James Hubbard on "¡Ole!": "'¡Ole!' began when my mother-in-law told me of an incident that happened some years ago in Bogota, Colombia. The first versions of the story drew on different aspects of an unusual and unexpected death, however the final content and structure took shape as I experienced Colombian culture and beliefs while I worked and traveled in the country during the six years I lived there. I found the contradiction fascinating between tradition and beliefs, between Catholicism, superstition and magic that are such natural parts of Colombian culture and can be found in all walks of life, from people living on the streets through to those living in exclusive, gated estates, from the folk living in the Andes to the indigenous peoples living in the desert at the northern tip of South America. The final story is constructed using the three stages of a bullfight as the structure for developments between the main character and his fate, and the main character is a bullfighter to represent the strong sense of tradition that is an integral part of Colombian society."

Eric Del Carlo on "Slay the Fey":  "My tale depicts an economically depressed near future where fairies are illegally crossing over from their misty realms to take up residence in our world. A tweenage boy protagonist ends up harboring one of these fugitives. I simply blueprinted the hysteria surrounding the incursion of undocumented humans into this country. There is some very queasy overlap between the gun-happy Fairy Watch in my story and the real life murders of unarmed youths by self-appointed community guardians."
Nevada Lewis on "The Rule":  "The first bits of inspiration for this story came from a textbook required for a sociology class I took my first year of college.

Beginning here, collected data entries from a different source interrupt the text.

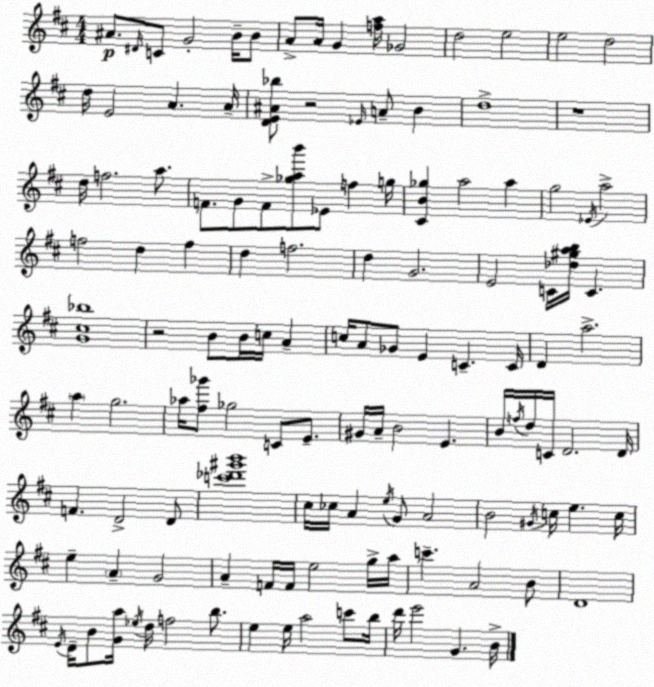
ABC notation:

X:1
T:Untitled
M:4/4
L:1/4
K:D
^A/2 ^D/4 C/2 G2 B/4 B/2 A/2 A/4 G [fa]/4 _G2 d2 e2 e2 d2 d/4 E2 A A/4 [DE^A_b]/2 z2 _E/4 A/2 B d4 z4 d/4 f2 a/2 F/2 G/2 F/2 [_gab']/2 _E/2 f g/4 [^CB_g] a2 a g2 _E/4 a2 f2 d f d f2 d G2 E2 C/4 [_d^gab]/4 C [G^c_b]4 z2 B/2 B/4 c/4 A c/4 A/2 _G/2 E C C/4 D a2 a g2 _a/4 [^f_g']/2 _g2 C/2 E/2 ^G/4 A/4 B2 E B/4 f/4 d/4 C/4 D2 D/4 F D2 D/2 [c'_d'^g'b']4 ^c/4 _c/4 A e/4 G/2 A2 B2 ^G/4 c/4 e c/4 e A G2 A F/4 F/4 e2 g/4 a/4 c' A2 B/2 D4 E/4 D/4 B/2 [Ga]/4 _e/4 d/4 f2 b/2 e e/4 a2 c'/2 b/4 d'/4 e'2 G B/4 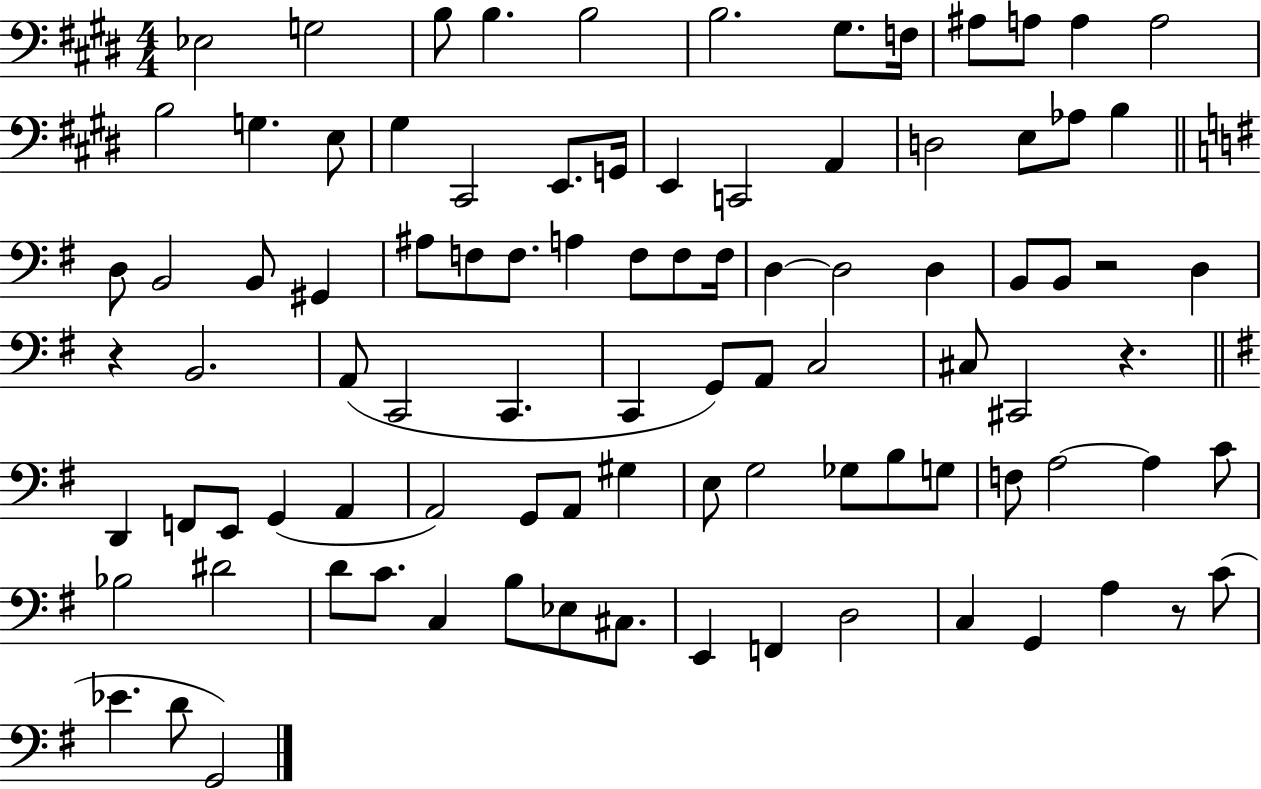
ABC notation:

X:1
T:Untitled
M:4/4
L:1/4
K:E
_E,2 G,2 B,/2 B, B,2 B,2 ^G,/2 F,/4 ^A,/2 A,/2 A, A,2 B,2 G, E,/2 ^G, ^C,,2 E,,/2 G,,/4 E,, C,,2 A,, D,2 E,/2 _A,/2 B, D,/2 B,,2 B,,/2 ^G,, ^A,/2 F,/2 F,/2 A, F,/2 F,/2 F,/4 D, D,2 D, B,,/2 B,,/2 z2 D, z B,,2 A,,/2 C,,2 C,, C,, G,,/2 A,,/2 C,2 ^C,/2 ^C,,2 z D,, F,,/2 E,,/2 G,, A,, A,,2 G,,/2 A,,/2 ^G, E,/2 G,2 _G,/2 B,/2 G,/2 F,/2 A,2 A, C/2 _B,2 ^D2 D/2 C/2 C, B,/2 _E,/2 ^C,/2 E,, F,, D,2 C, G,, A, z/2 C/2 _E D/2 G,,2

I was skimming through it and came across a sentence that read something like, ‘to get an idea of how many people have lived on Earth, you would add fourteen for every person alive today.’ For the rest of the day, I couldn’t get the image of a string of ghosts trailing behind everyone I saw out of my head. I just really liked the idea of everyone carrying around little pieces of the past in the form of people with them, so I filed it away with all of my other hastily-scribbled and half-formed ideas. I knew there was a story lurking in there somewhere.  A year later, I wrote it."